BIO: Alison Lang is a writer/editor/zinemaker based in Toronto. She has written for Rue Morgue, ByNWR.com and Art of the Title, among others. Her book Women with Guts, a collection of essays and interviews with women working in horror, was published as part of the Rue Morgue Library in 2017. She also contributed to Satanic Panic: Pop Culture Paranoia in the 1980s (Spectacular Optical) with a chapter on Geraldo Rivera's Devil Worship special. She has presented on topics related to horror and gender for the Ax Wound Film Festival (Vermont), Final Girls Film Festival (Berlin) and the DePaul University Pop Culture Conference (Chicago). She is currently a jurist for Ax Wound and a board member of Blood in the Snow, a Canadian horror film festival. Learn more at womenandsongs666.com.
Herschell Gordon Lewis’ Blood Feast (1963)
“I love it as an intro to extreme cinema because in hindsight it's kinda goofy - but still a pioneer of early splat and gore. I think Blood Feast was really influential in its tone as well - it's relentlessly over the top and garish and the camera doesn't look away. Even though it's a bit cheesy, I still think it's confrontational and challenges the viewer in a very distinctive way and I think that's a good "starting point" for folks who are looking to dip their toes into more hardcore depictions of extreme violence - it is a gentle way to test your endurance as a viewer. I also think it's a masterpiece of low budget gore - HGL did a hell of a lot with just a little cash! It looks gorgeously cheesy and I love the garish colors - the reddest blood.”
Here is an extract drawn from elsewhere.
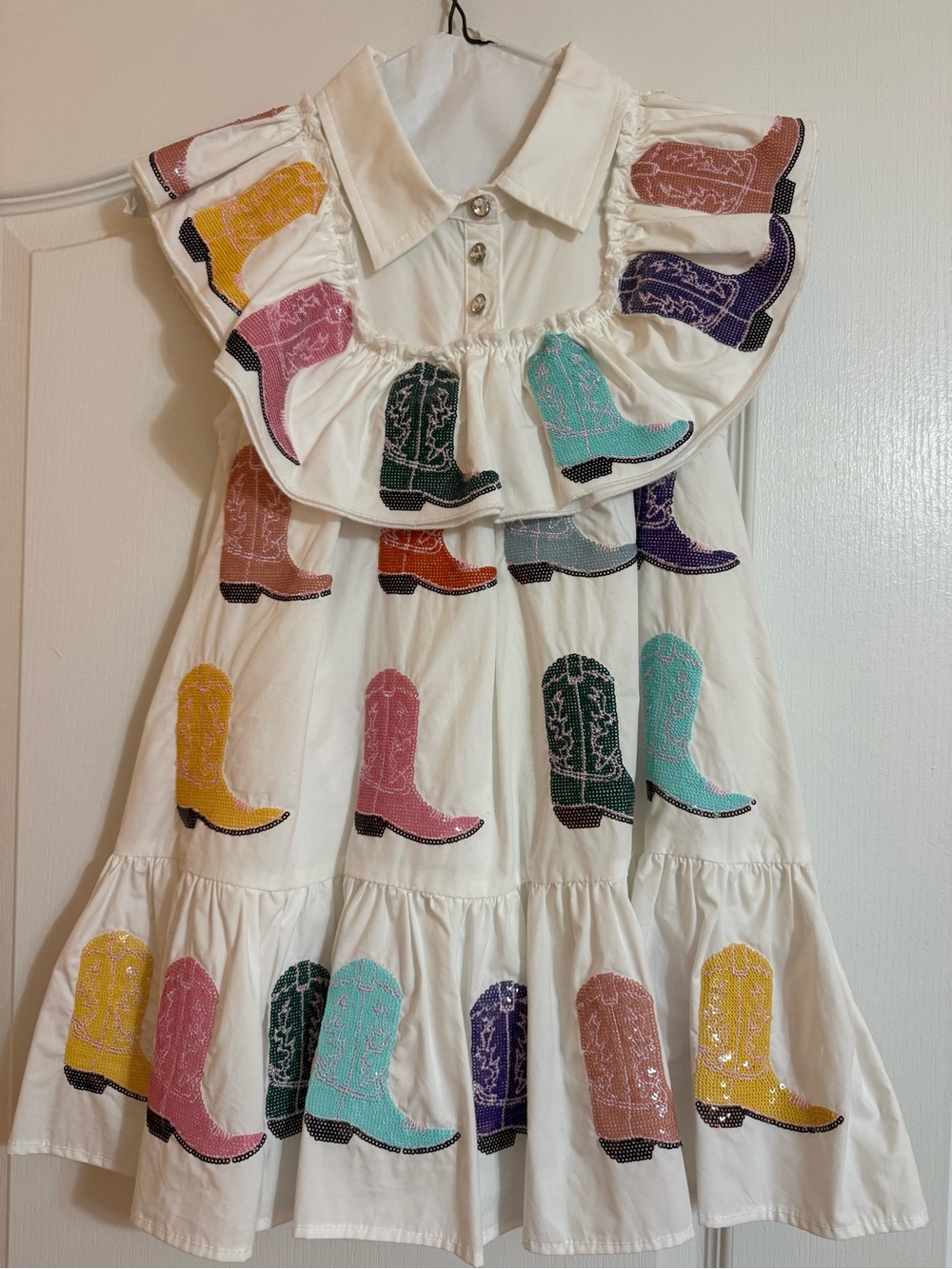QUEEN OF SPARKLES White Dress with Multicolor Cowboy Boot Embroidery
3 Extremes I (2004) - Dumplings
“This 2005 anthology film presents three of the most visionary Asian genre directors - Fruit Chan, Takashi Miike and Park Chan-Wook - telling taboo-busting tales of violence, depravity and the subversion of social mores like childbirth, aging, relationships and families. All three segments are brilliant but I think most people will cite Fruit Chan's Dumplings (which was also made into a feature-length film) as the one story that lingers....for better or worse. Miriam Yeung is incredible as Mrs. Li, the aging soap opera actress contending with the rigors of time and the waning of her shitty husband's attention. Through word of mouth, she learns that a local woman (Bai Ling) has a potent concoction that can reverse the effects of aging. The ingredients, though, are a bit unsavory. I love how Dumplings is both a horrific portrait of the lengths women will go to preserve their faces and bodies and also feels deeply sympathetic towards Mrs. Li's plight, even as the source of the "dumplings" are revealed and her behaviour becomes increasingly monstrous. Like the best extreme horror, Dumplings forces the viewer to go to the limit with the intensity of its subject matter while also forcing us to confront our own values and moral conundrums on a more intellectual and empathetic level. It's a masterpiece.”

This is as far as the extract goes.